# Your task:
When you reproduce these records, keep every word exactly and drop the images.

# Data shown:
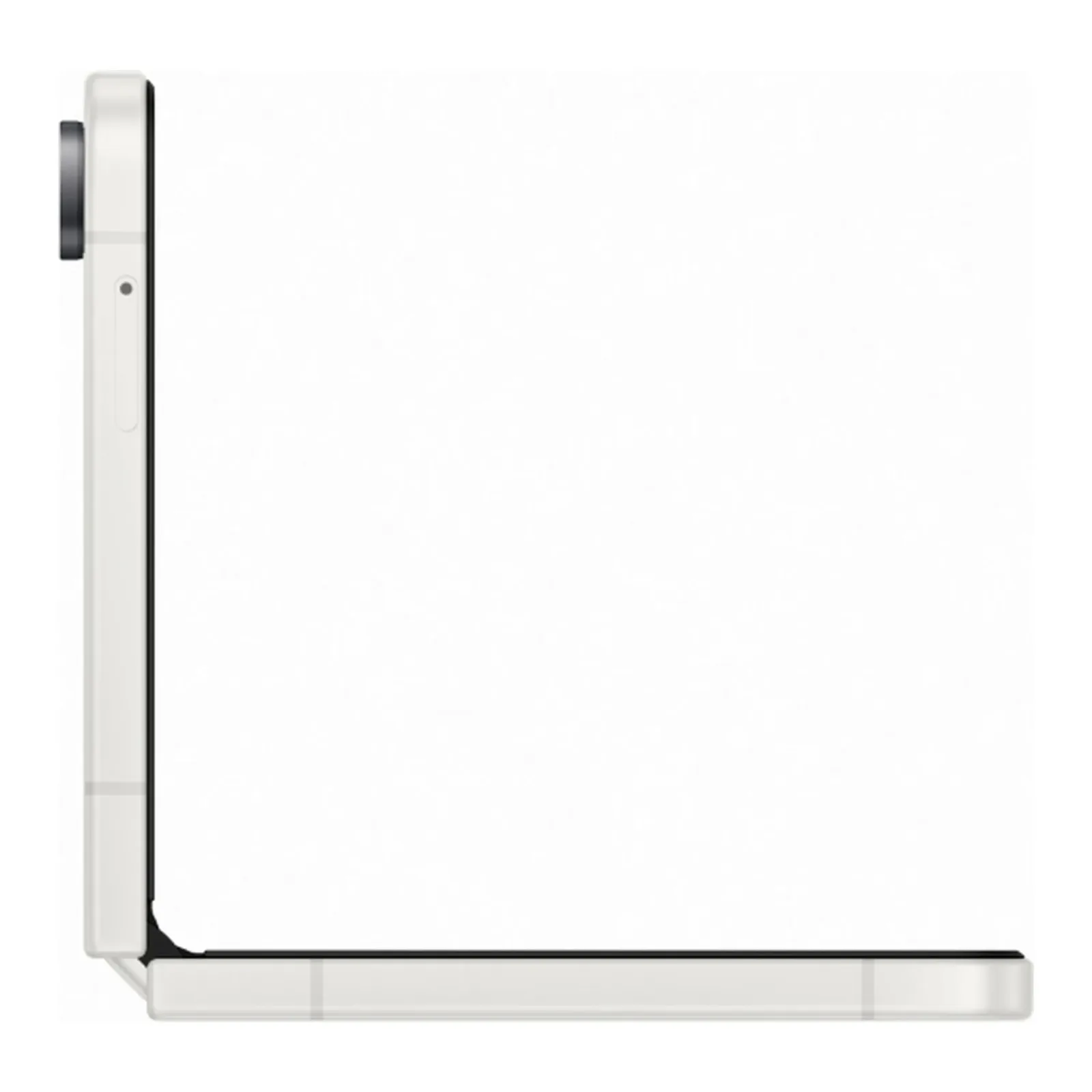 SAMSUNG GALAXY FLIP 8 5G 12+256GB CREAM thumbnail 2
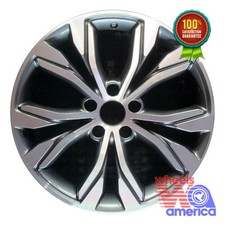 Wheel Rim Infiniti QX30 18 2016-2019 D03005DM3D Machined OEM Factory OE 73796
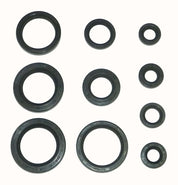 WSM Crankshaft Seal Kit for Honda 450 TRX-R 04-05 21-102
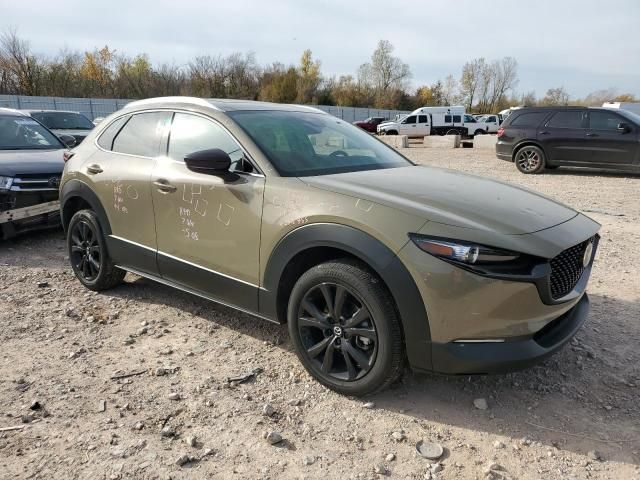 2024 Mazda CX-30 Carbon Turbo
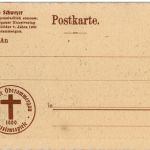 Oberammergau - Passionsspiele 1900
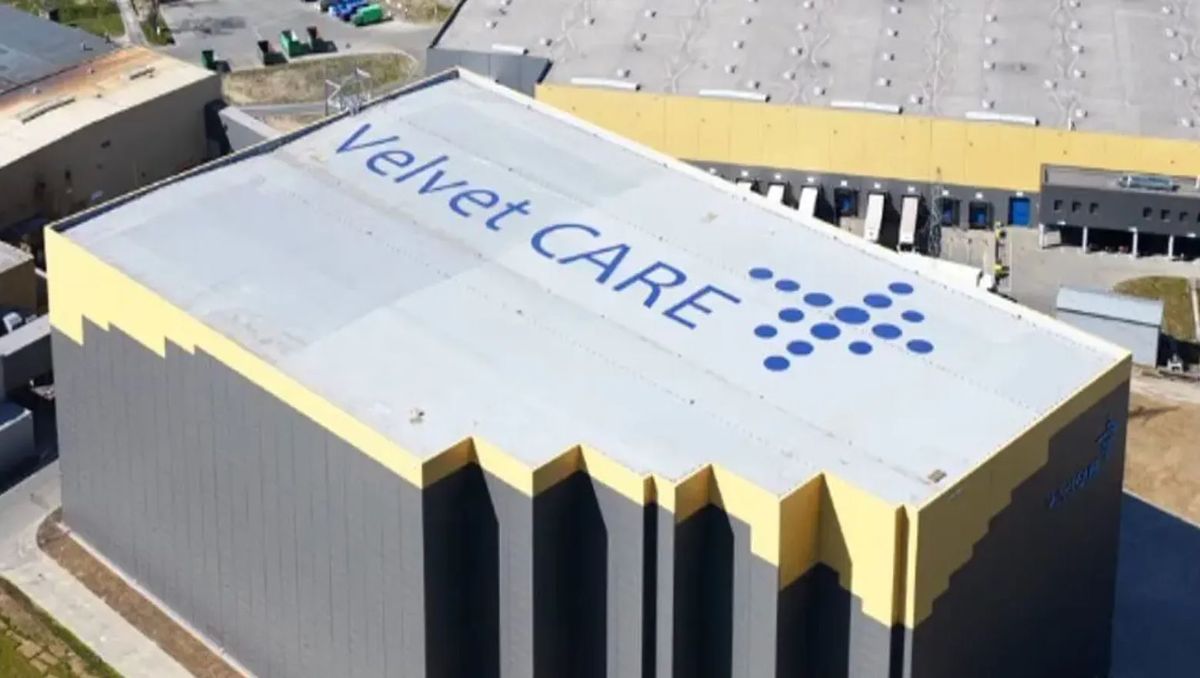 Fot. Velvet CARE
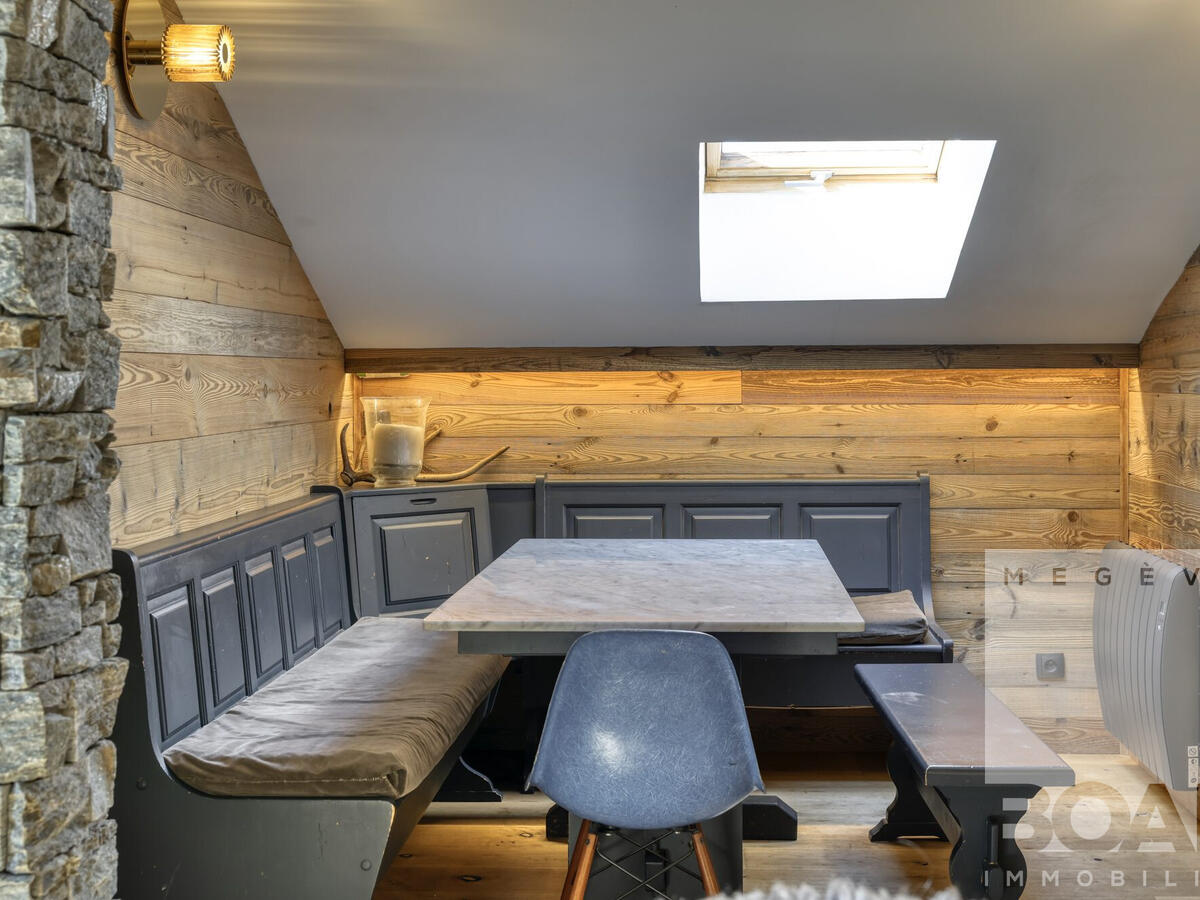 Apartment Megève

# Written answer:
 SAMSUNG GALAXY FLIP 8 5G 12+256GB CREAM thumbnail 2
 Wheel Rim Infiniti QX30 18 2016-2019 D03005DM3D Machined OEM Factory OE 73796
 WSM Crankshaft Seal Kit for Honda 450 TRX-R 04-05 21-102
 2024 Mazda CX-30 Carbon Turbo
 Oberammergau - Passionsspiele 1900
 Fot. Velvet CARE
 Apartment Megève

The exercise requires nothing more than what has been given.